* [WHAT IS REQUIRED] Your response to the data below should hold nothing except the lines from the one containing "Boonster - Porrón 20lt" down to the one containing "speckled brown bird", reproduced exactly and without pictures.
----------------------------------------
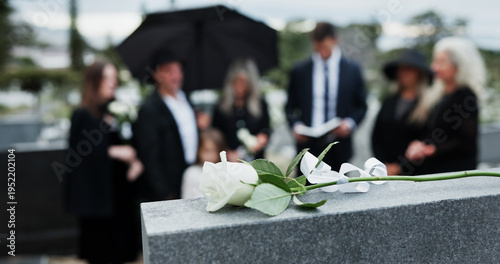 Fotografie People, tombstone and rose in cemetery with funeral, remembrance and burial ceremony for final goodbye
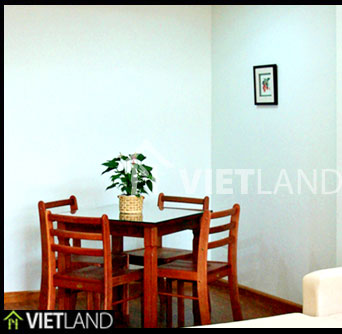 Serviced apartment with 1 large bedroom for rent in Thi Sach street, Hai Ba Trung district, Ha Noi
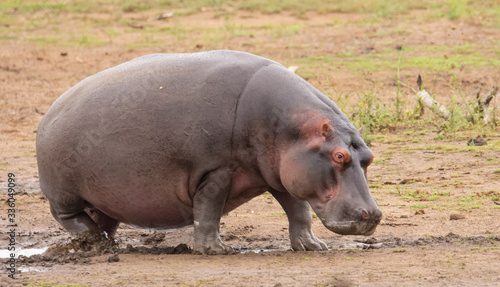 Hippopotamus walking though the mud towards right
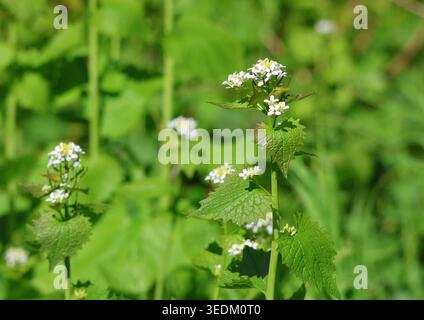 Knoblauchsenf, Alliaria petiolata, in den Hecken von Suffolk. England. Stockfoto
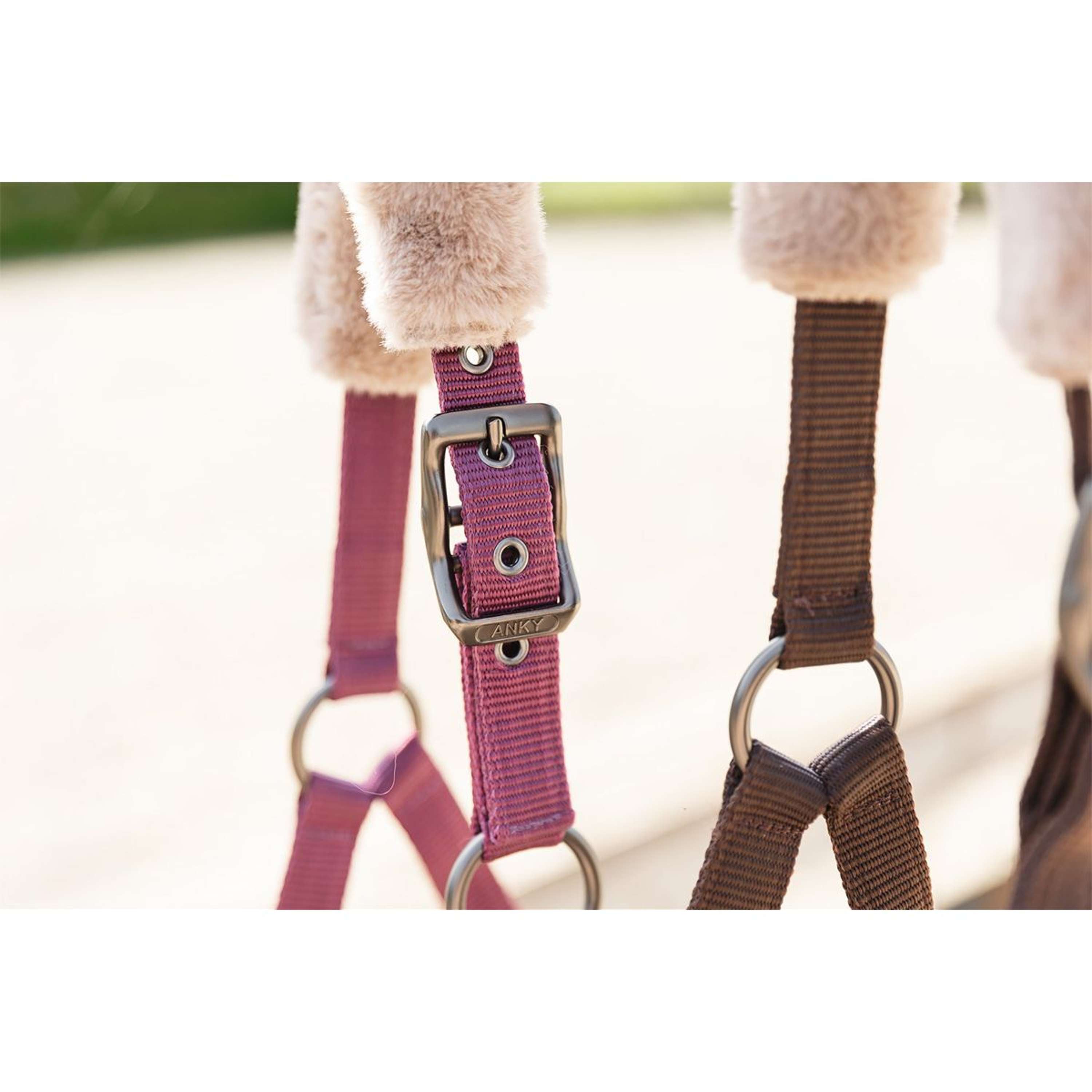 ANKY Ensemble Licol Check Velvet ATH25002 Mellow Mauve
----------------------------------------
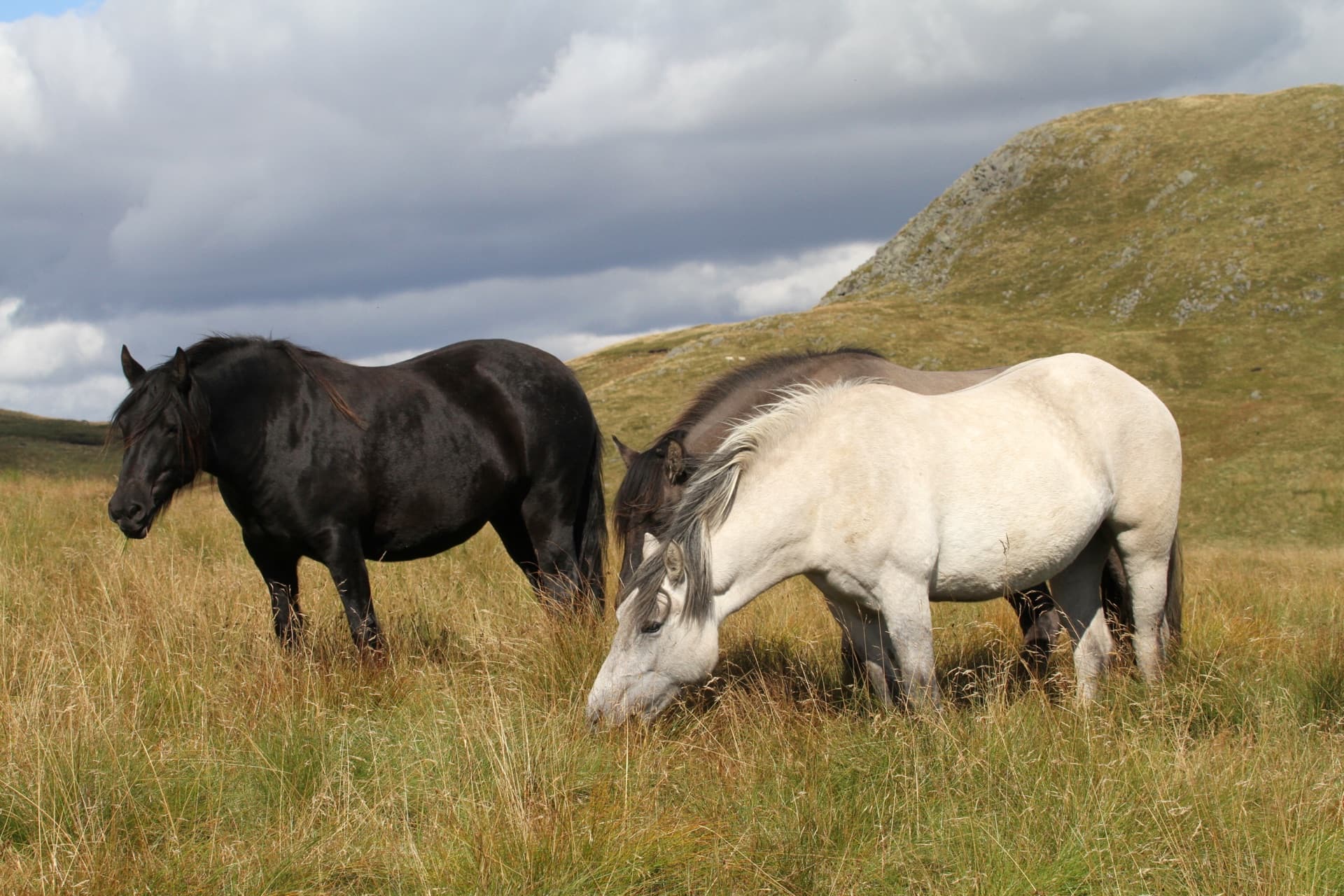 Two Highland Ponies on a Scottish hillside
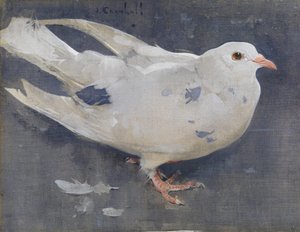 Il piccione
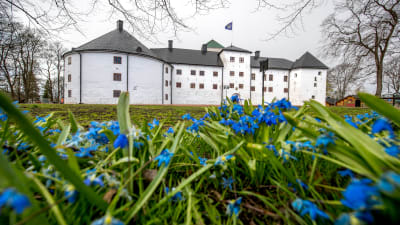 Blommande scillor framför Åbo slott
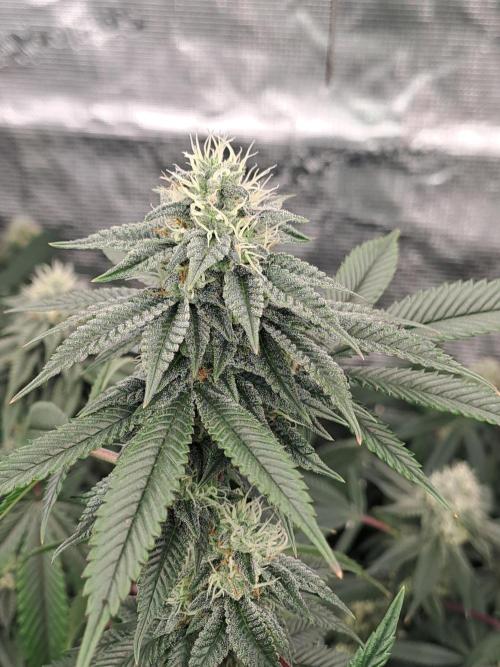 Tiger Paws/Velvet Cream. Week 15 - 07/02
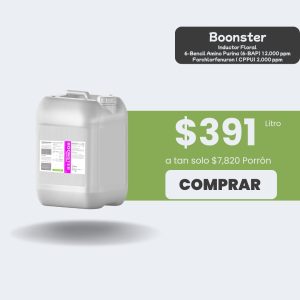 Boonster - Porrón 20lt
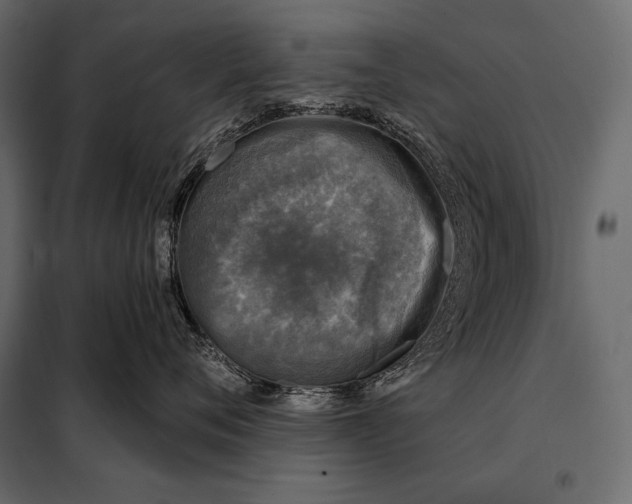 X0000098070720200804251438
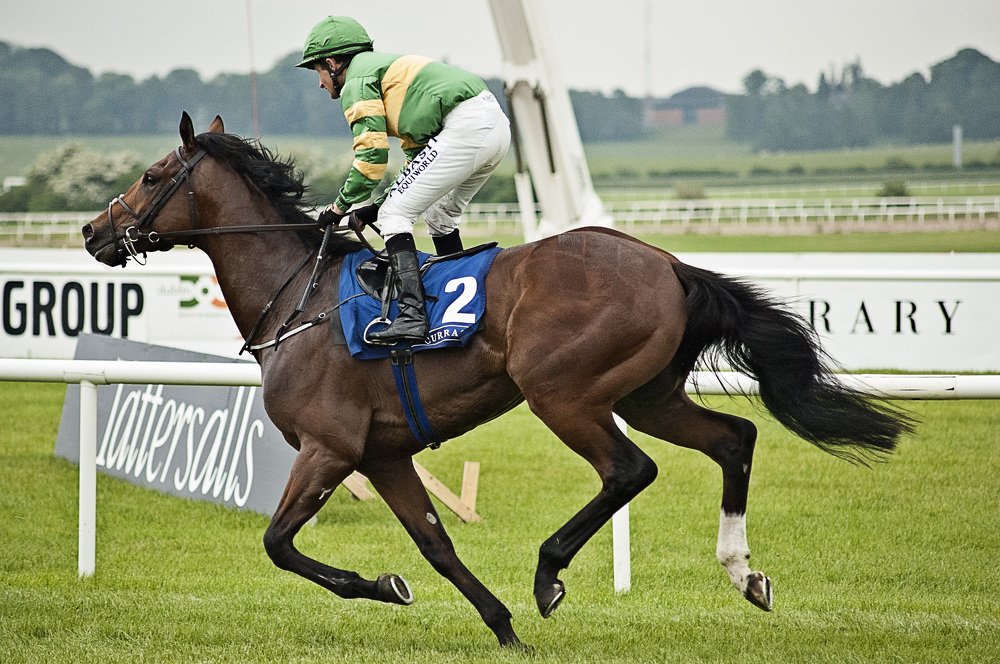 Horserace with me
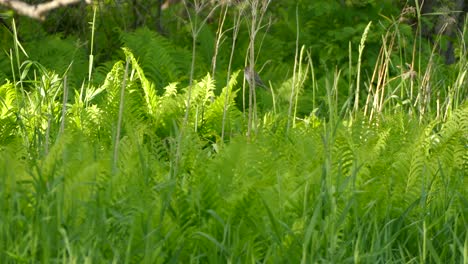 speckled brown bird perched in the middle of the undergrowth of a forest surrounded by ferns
----------------------------------------
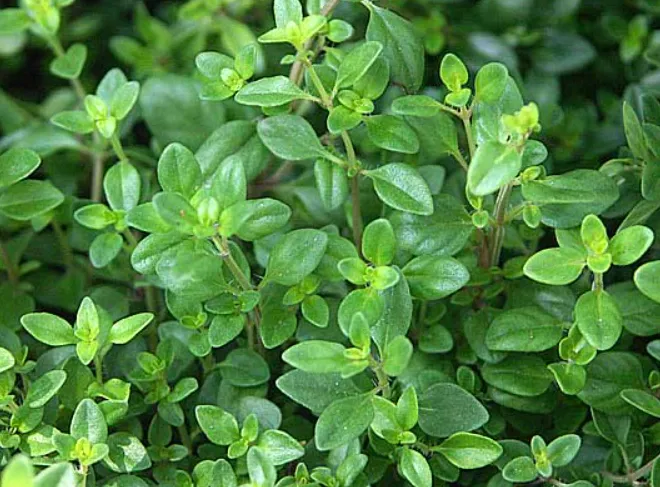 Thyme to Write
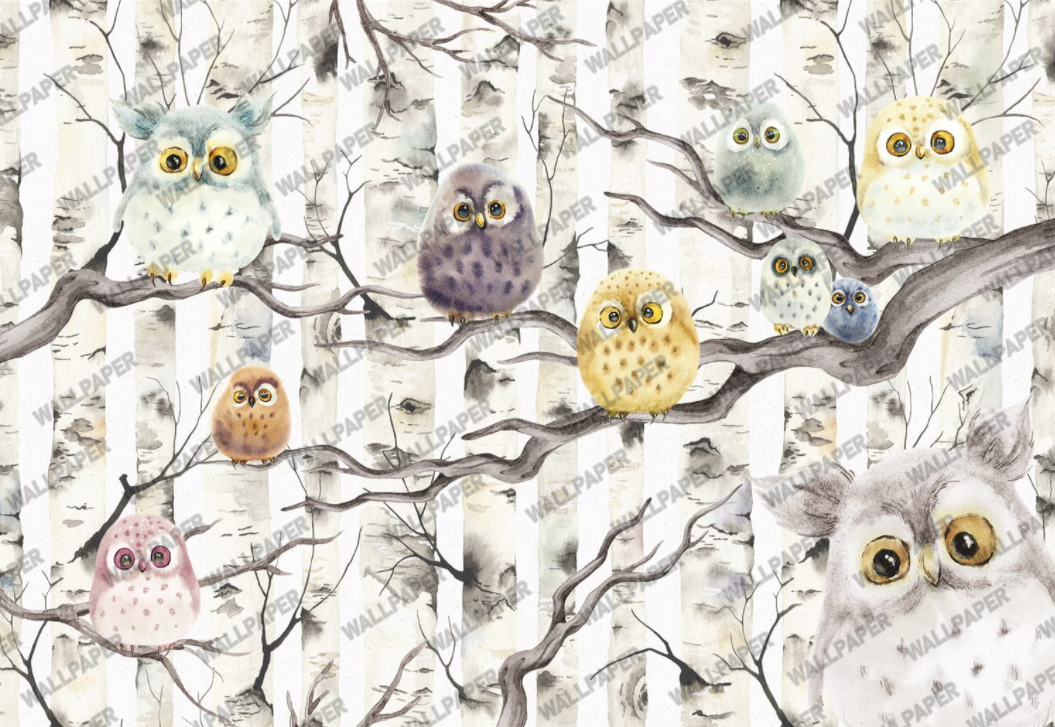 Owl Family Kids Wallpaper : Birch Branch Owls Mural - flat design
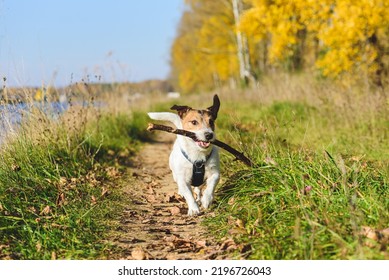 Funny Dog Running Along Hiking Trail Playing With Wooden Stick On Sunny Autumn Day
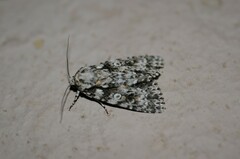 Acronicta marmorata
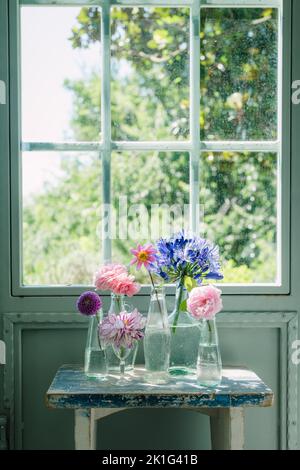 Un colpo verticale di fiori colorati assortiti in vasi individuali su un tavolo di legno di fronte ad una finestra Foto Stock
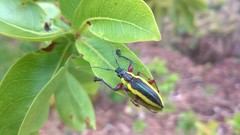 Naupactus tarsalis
----------------------------------------
* [RESPONSE BOX]
 Boonster - Porrón 20lt
 X0000098070720200804251438
 Horserace with me
 speckled brown bird perched in the middle of the undergrowth of a forest surrounded by ferns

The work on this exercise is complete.